TASK GOAL
The lines from the one containing "a small yellow" through the last line below, both ends included, must be reproduced exactly, with no pictures.

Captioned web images
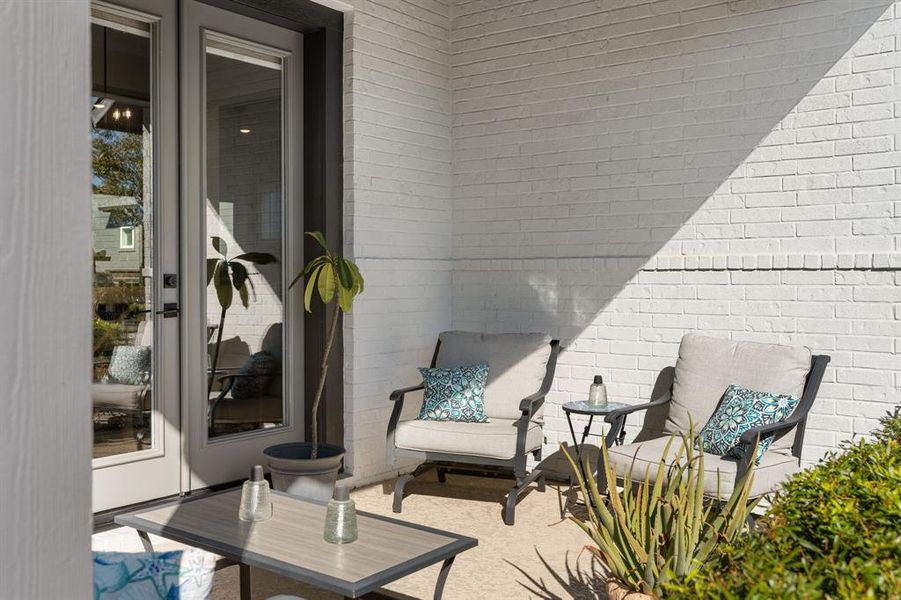 Large front porch with French doors to the dining room.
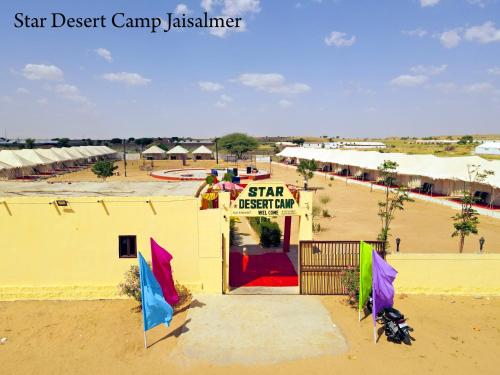 a small yellow building with a star festival sign on it at Star Desert Camp Jaisalmer in Jaisalmer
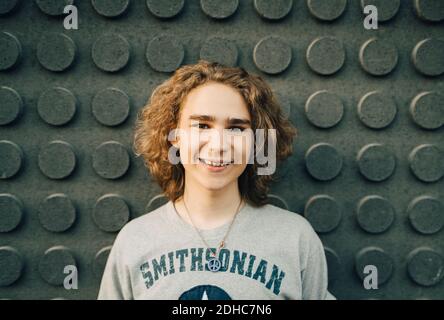 Portrait of smiling young man standing against wall Stock Photo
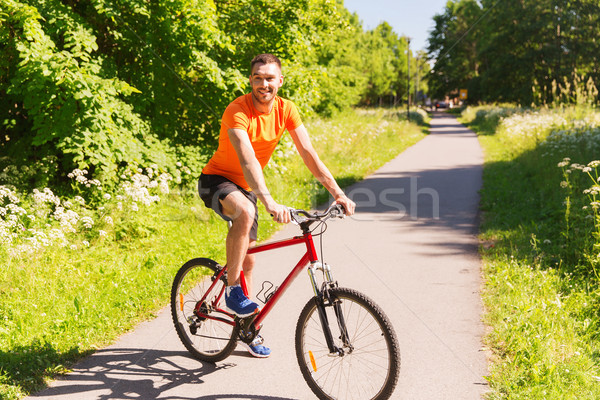 happy young man riding bicycle outdoors Stock photo © dolgachov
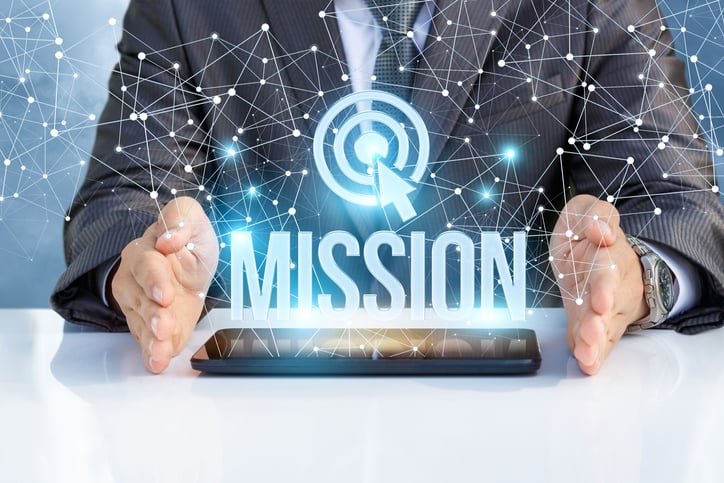 Pair of hands holding the word mission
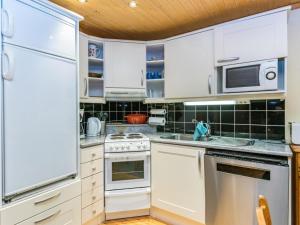 a kitchen with white appliances and a wooden ceiling at Holiday Home Antura b by Interhome in Pyhätunturi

ANSWER TO THE EXERCISE
 a small yellow building with a star festival sign on it at Star Desert Camp Jaisalmer in Jaisalmer
 Portrait of smiling young man standing against wall Stock Photo
 happy young man riding bicycle outdoors Stock photo © dolgachov
 Pair of hands holding the word mission
 a kitchen with white appliances and a wooden ceiling at Holiday Home Antura b by Interhome in Pyhätunturi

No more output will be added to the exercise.